__Your instructions__.
Return the listing exactly, please; no pictures.

[[ Provided material open ]]

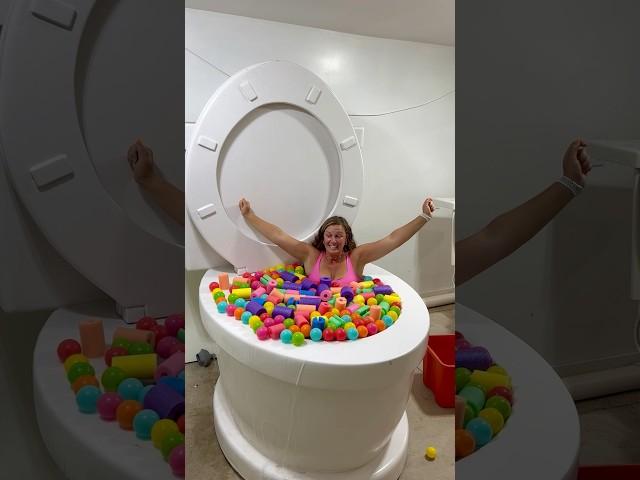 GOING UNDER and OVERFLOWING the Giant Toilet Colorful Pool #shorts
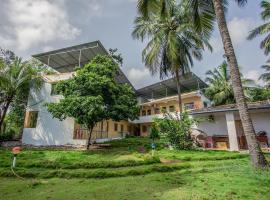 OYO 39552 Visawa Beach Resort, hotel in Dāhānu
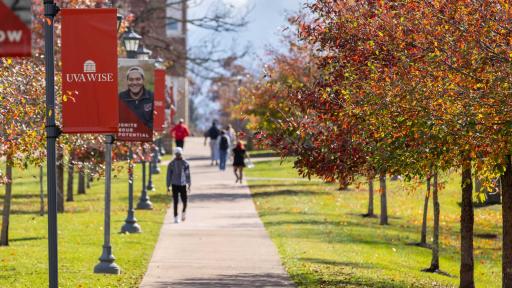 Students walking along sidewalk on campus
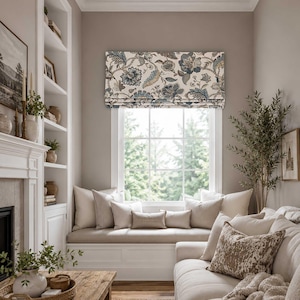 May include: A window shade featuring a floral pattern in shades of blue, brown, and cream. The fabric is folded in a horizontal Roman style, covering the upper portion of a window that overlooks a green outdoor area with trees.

[[ Provided material closed ]]

__Finished exercise__.
 GOING UNDER and OVERFLOWING the Giant Toilet Colorful Pool #shorts
 OYO 39552 Visawa Beach Resort, hotel in Dāhānu
 Students walking along sidewalk on campus
 May include: A window shade featuring a floral pattern in shades of blue, brown, and cream. The fabric is folded in a horizontal Roman style, covering the upper portion of a window that overlooks a green outdoor area with trees.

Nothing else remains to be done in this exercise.